One of the common features of such political processes, in addition to their questioning of the U.S. imperialist domination in the region, the demand for national sovereignty and a better distribution of wealth, attributes which themselves make them worthy of support from consequently revolutionary forces, is that their social vanguard has been assumed by radicalized sectors of the petty bourgeoisie and middle class professionals, including an important role of the so-called emerging national bourgeoisie, not monopolistic, interested in taking the reins of economic dynamics in opposition to the strategy of global hegemonic control of the transnational monopolies.
This inter-bourgeois confrontation has a particular definition in Venezuela, with an oil rentier economy, where virtually all the economic and social dynamics revolve around the resources generated by oil exports, activity under state monopoly, so that the various bourgeois factions try to take control directly or indirectly of the state apparatus and the management of oil revenues.
In this context emerged the diversionist approach of the "socialism of the 21st century", more forcefully raised by the leadership of the Bolivarian Revolution in Venezuela, followed by the progressive governments of Ecuador, Bolivia and Nicaragua, and also assumed by opportunist political currents from other countries in Latin America and the Caribbean.
This historical fact has been the cradle of the revival of several old "theories" and concepts, presented with original and native appearance, labeled as endogenous, but which ultimately involve the denial of class struggle and the revolutionary role of the working class, the rejection of the scientific theory of the proletariat and the need for its organic instrument, the political party founded on the principles of Marxism-Leninism.

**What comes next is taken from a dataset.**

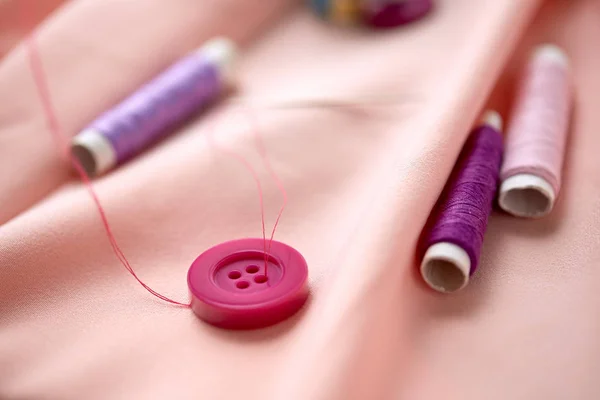 Do szycia przyciski, szpule nici i tkaniny — Zdjęcie stockowe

Thus, from the leadership of the Venezuelan process, some sectors spread theoretical concepts introduced by social-reformist theoreticians, "postmoderns" and reviewers of Marxism, bringing the "crowds" (Antonio Negri and Paolo Virnoto), “the People” (devoid of a sense of class) and the regional communities to the category of historical subjects of the revolution. The problem with these categories is that they are generic and abstract, not historically specific and therefore lack of specific class content. Speaking of "crowds", for example, juggles or at least distorts the class struggle that takes place not among the many and the few, but between the exploited and the exploiters, regardless of their numerical strength. Moreover, by emphasizing in a superlative way, from the leadership of the revolutionary process and the government, the central role of territorial communities, they skip or even attempt to stop the organizational and socio-political development needed by the working class and other workers, from their workplaces and by industry branches in the dynamics of class struggle for the abolition of capitalist relations of production.
At the same time, the governing bodies of the process spread the negation of dialectical materialism and the disqualification of the operation of the laws of social development (Kohan), trying to give theoretical support to voluntarism and subjectivism, to the detriment of the materialist conception of history. Within this explosion of ideological diversion, anti-communism makes its way easily into the discourse and political practice, on behalf of the socialism of the 21st century, making concessions to bourgeois ideology and the anti-communist blackmail of psychological warfare of imperialism, weakening the political and moral force of the Bolivarian revolution against the plans of the counterrevolution.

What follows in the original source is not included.